═══ Data shown ═══
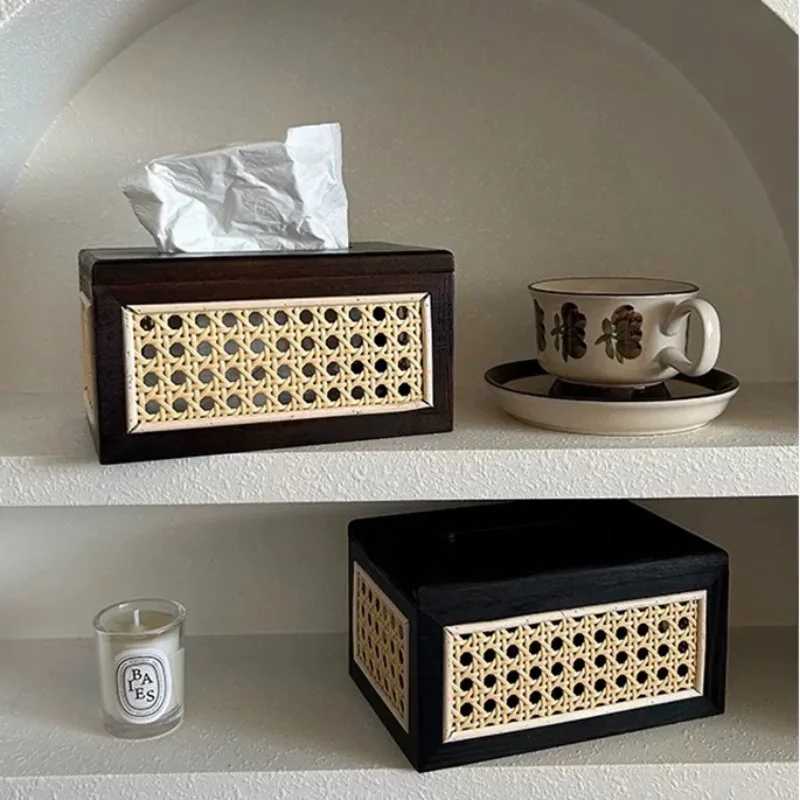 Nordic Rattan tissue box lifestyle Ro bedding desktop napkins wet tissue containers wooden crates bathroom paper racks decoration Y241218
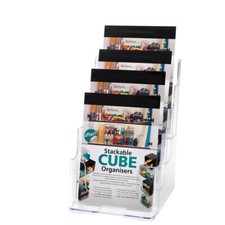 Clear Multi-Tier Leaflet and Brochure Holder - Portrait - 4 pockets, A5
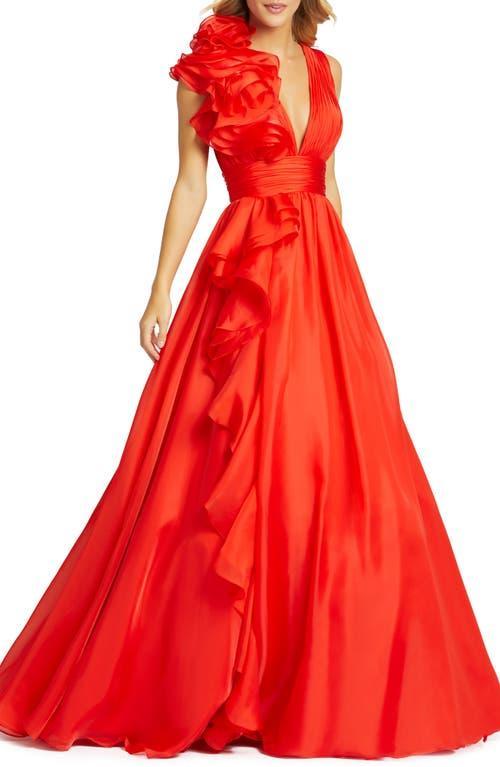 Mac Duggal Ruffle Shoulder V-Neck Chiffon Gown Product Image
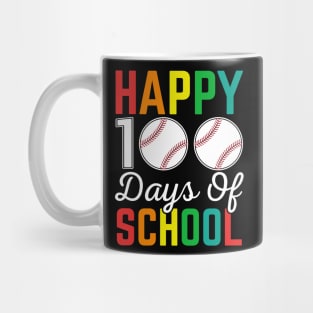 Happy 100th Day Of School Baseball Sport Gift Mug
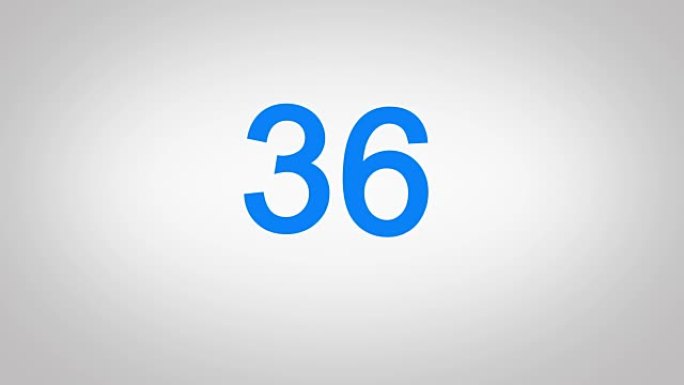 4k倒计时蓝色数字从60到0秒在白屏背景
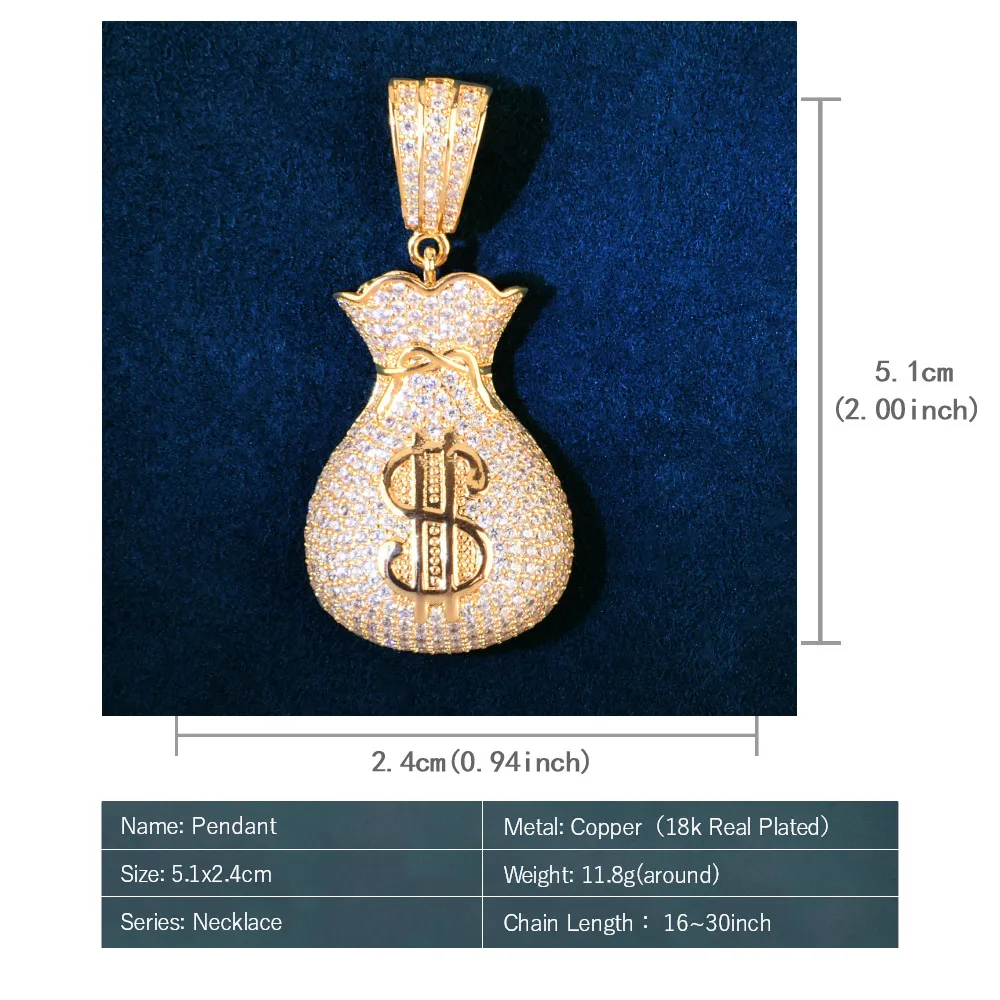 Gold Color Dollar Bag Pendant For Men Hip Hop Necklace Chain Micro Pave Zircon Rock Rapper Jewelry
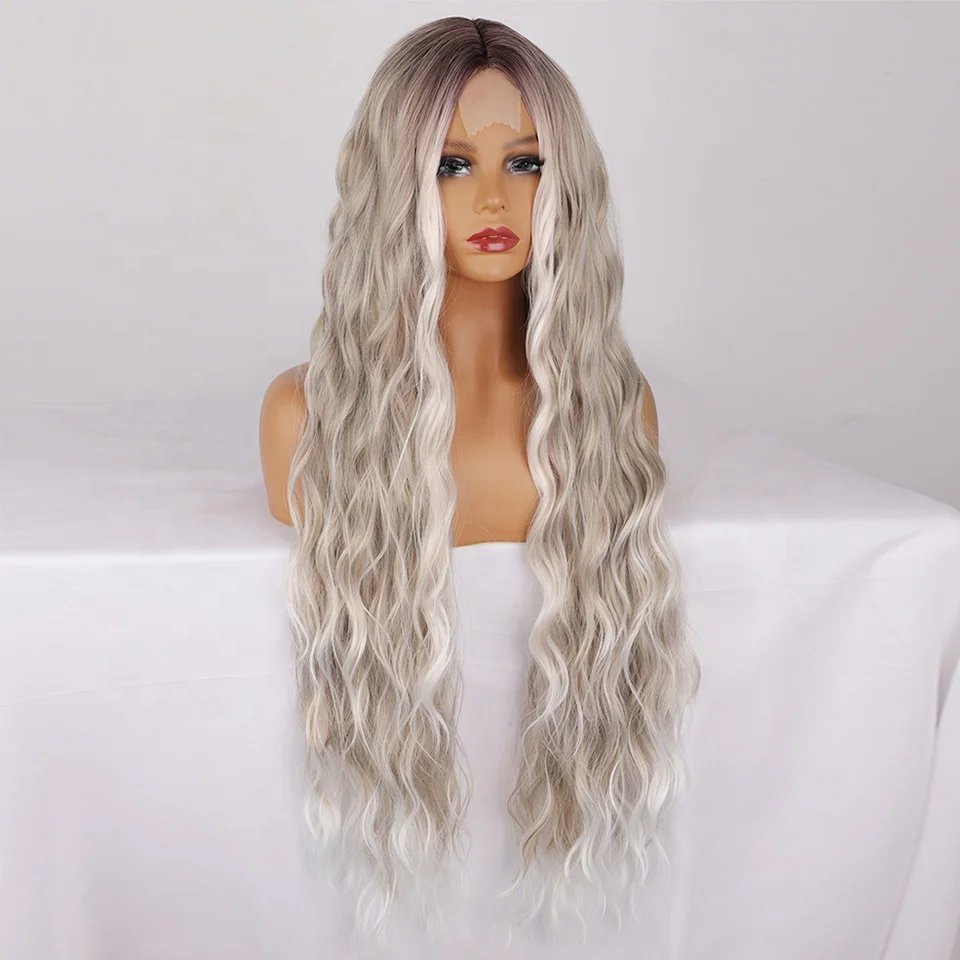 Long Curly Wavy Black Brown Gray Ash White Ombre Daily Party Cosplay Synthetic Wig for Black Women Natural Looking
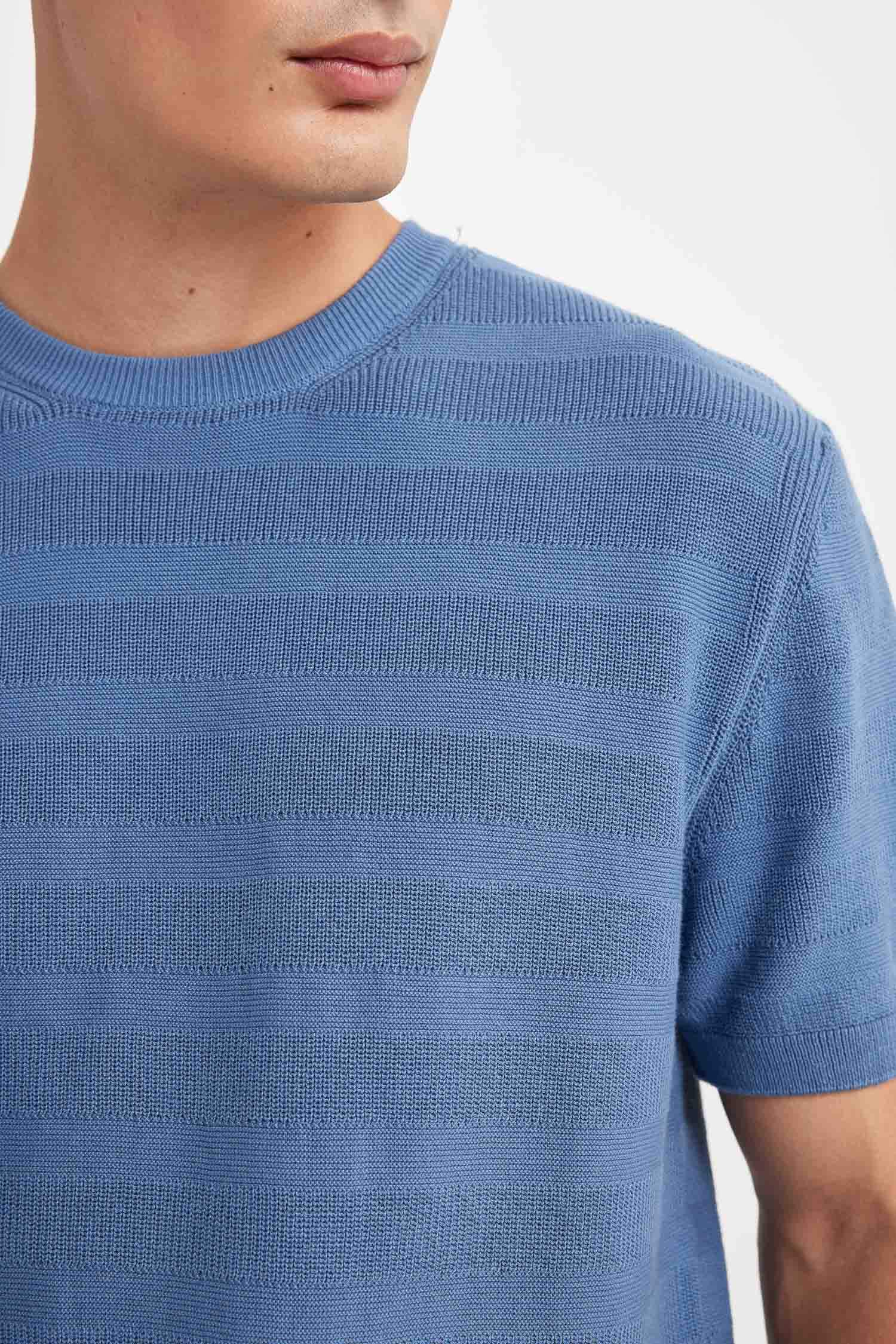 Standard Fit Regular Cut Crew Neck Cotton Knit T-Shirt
═══
- What you will do
Copy the data exactly. Pictures do not belong in the copy.

- Response box
 Nordic Rattan tissue box lifestyle Ro bedding desktop napkins wet tissue containers wooden crates bathroom paper racks decoration Y241218
 Clear Multi-Tier Leaflet and Brochure Holder - Portrait - 4 pockets, A5
 Mac Duggal Ruffle Shoulder V-Neck Chiffon Gown Product Image
 Happy 100th Day Of School Baseball Sport Gift Mug
 4k倒计时蓝色数字从60到0秒在白屏背景
 Gold Color Dollar Bag Pendant For Men Hip Hop Necklace Chain Micro Pave Zircon Rock Rapper Jewelry
 Long Curly Wavy Black Brown Gray Ash White Ombre Daily Party Cosplay Synthetic Wig for Black Women Natural Looking
 Standard Fit Regular Cut Crew Neck Cotton Knit T-Shirt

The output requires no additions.